Changing user password - yescrypt, rockylinux

SYSTEM INFORMATION
OS type and version Rocky Linux 8.7
Webmin version 2.021
Virtualmin version 7.7

Hello
I am facing issues trying to change password for virtualserver user through virtualmin. The error i get is:

Error: Your system has yescrypt passwords enabled, but the crypt function does not support this format. To force the use of normal encrypted passwords, adjust your module configuration.

I’ve tried changing it to Blowfish or sha512 but the error remains.
What can i do to fix it?

SHA512 is definitely supported. It’s been the default in Linux for a decade or more.

I’m unable to make the Perl crypt create a yescrypt or blowfish hash, though, so I think it is correct to say those are not available.

e.g. This works on my Fedora 38 system:

6 means SHA512:

print (crypt($passwd,"\$6\$" . $salt . "\$") . "\n");

This does not:

7 or y means yescrypt:

print (crypt($passwd,"\$7\$" . $salt . "\$") . "\n");

Blowfish also fails:

print (crypt($passwd,"\$2a\$" . $salt . "\$") . "\n");

Since we’re not going to implement encryption and I don’t want to add more dependencies to the default install, I think we have to use SHA512.

@Jamie, we probably should allow specifying more rounds, though (5000 is the default, which is insufficient today…OWASP recommends 210000 for SHA512), if we don’t already. I do this for passwords on some embedded device I work on in my day job:

print (crypt($passwd,"\$6\$rounds=210000\$" . $salt . "\$") . "\n");

Thanks for the reply.
So what type of encryption should I set so I can can change password through virtualmin? Setting to SHA512 still throws an error. Should I restart webmin after changing encryption?
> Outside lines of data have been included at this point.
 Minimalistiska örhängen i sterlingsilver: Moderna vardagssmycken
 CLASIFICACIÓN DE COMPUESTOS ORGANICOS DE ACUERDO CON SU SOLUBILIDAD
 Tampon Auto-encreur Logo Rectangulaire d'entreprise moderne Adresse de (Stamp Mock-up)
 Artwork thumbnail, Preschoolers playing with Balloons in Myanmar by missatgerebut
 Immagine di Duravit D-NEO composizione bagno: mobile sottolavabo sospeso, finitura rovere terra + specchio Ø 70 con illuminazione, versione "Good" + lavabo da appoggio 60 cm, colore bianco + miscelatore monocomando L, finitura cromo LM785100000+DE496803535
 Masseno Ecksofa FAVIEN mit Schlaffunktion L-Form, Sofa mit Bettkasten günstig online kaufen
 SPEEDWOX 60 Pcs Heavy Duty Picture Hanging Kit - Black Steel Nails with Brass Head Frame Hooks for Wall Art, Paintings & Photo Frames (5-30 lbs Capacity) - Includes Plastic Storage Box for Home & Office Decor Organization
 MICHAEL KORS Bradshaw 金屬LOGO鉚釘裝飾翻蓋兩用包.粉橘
… Administration user failed! : virtualmin-htpasswd::mailbox_modify failed : Your system has yescrypt passwords enabled, but the crypt function does not support this format. To force the use of normal encrypted passwords, adjust your module configuration.

Is including rounds=N in the salt really how the number of rounds are set? That seems like an odd API!
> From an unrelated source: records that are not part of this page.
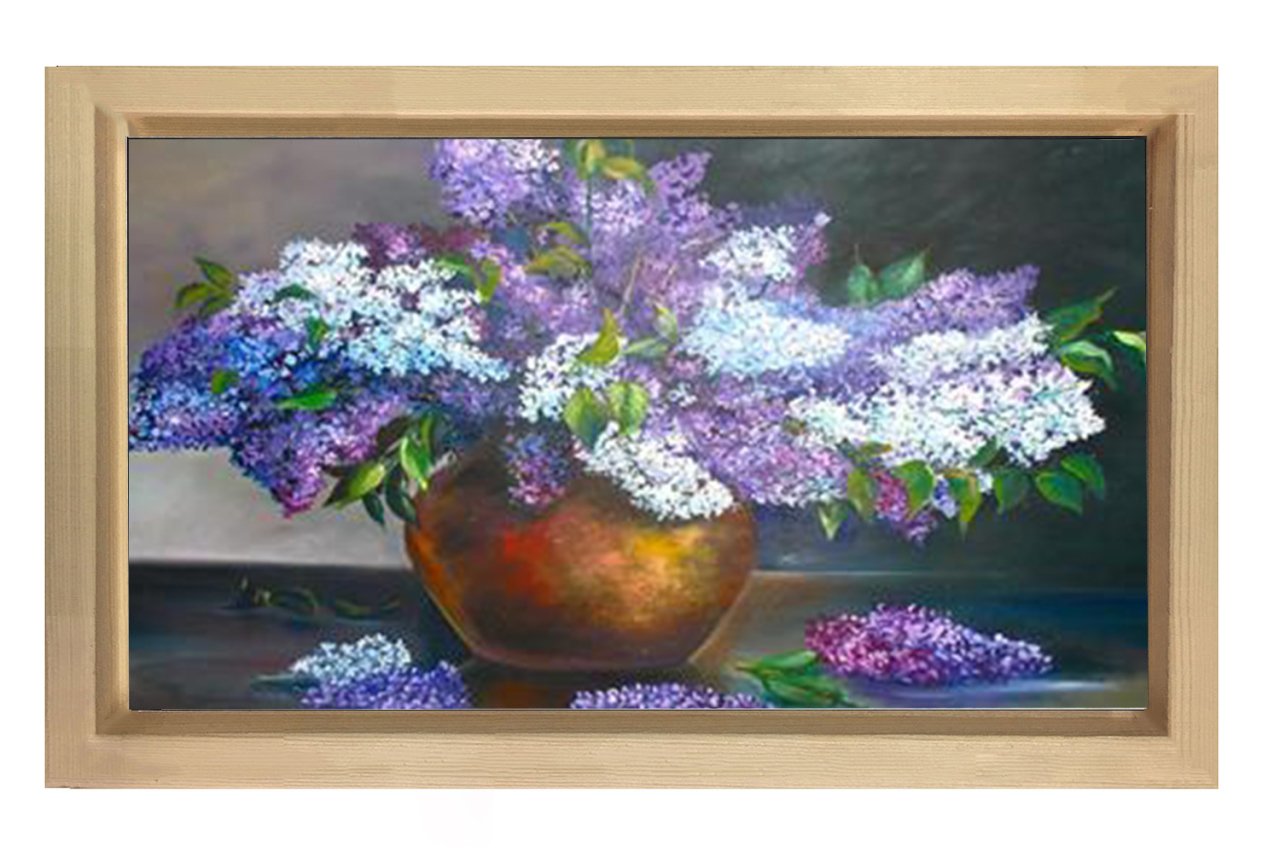 Mor Çiçekler Tablosu Naturel Ahşap - 100x150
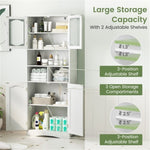 ZUN Bathroom Storage Cabinet with Glass Doors and Shelves 70453917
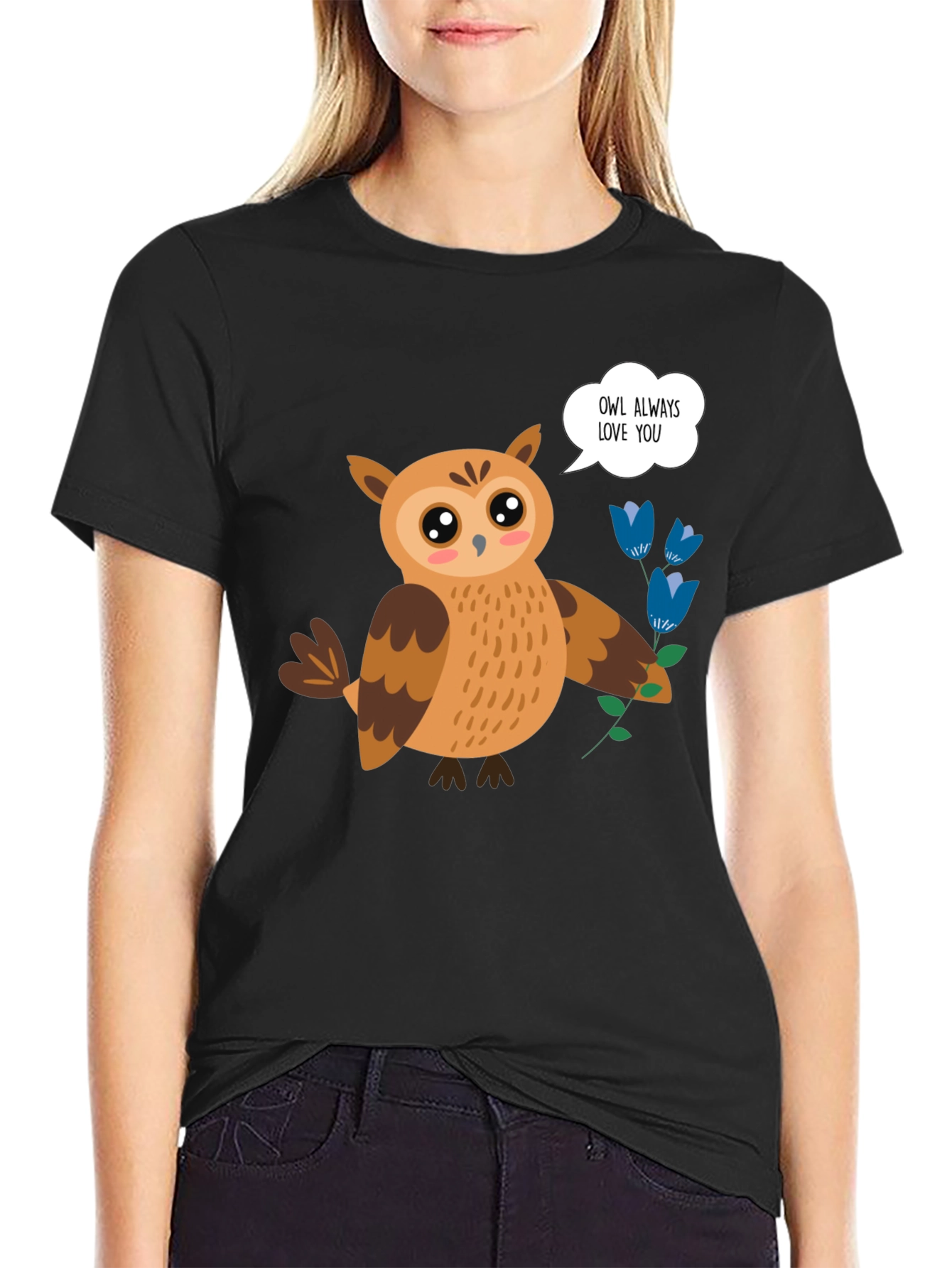 Cute Owl Always Love You Graphic Black T-Shirt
Yep, it’s a magic string. The rounds have to be in the resulting file so the crypt function knows to run the password through that many rounds.

It results in an entry in shadow like this:

joe:$6$rounds=210000$20BTGR3tJjio4dy$lf72yL8yrHQZ.IMc5AvLUEMYOxcPSHEC3gGz86xkpobOtRBnvrWRF25Lu1EOMEP/fjK0WYzIiDdHE1WBprn00:19489:0:99999:7:::

Note it’s not in the salt…it’s between the 6 and the salt, with $ separator. Weird, but it works.

Huh … that’s interesting! I could see us adding support for customizing this.